Task to complete = Could you reproduce, word for word, everything below from the line containing "78254 — photo 1" down to the line containing "Pieces Casual Dress (view 1)", with both of those lines included and no others?

Given data =
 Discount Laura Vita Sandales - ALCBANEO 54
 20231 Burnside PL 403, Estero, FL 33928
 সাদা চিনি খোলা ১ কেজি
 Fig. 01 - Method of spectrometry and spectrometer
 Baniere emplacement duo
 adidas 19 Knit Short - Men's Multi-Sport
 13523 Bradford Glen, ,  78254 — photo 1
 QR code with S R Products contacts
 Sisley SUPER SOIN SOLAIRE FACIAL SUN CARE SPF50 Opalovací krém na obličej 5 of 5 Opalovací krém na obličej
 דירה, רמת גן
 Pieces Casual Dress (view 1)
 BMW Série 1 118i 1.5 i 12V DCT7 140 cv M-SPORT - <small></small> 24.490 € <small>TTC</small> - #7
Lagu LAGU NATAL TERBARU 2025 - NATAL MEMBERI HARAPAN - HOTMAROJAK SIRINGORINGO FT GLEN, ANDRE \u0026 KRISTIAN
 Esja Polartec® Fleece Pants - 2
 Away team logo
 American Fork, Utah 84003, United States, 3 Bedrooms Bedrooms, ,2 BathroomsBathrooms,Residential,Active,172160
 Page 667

Solution =
 13523 Bradford Glen, ,  78254 — photo 1
 QR code with S R Products contacts
 Sisley SUPER SOIN SOLAIRE FACIAL SUN CARE SPF50 Opalovací krém na obličej 5 of 5 Opalovací krém na obličej
 דירה, רמת גן
 Pieces Casual Dress (view 1)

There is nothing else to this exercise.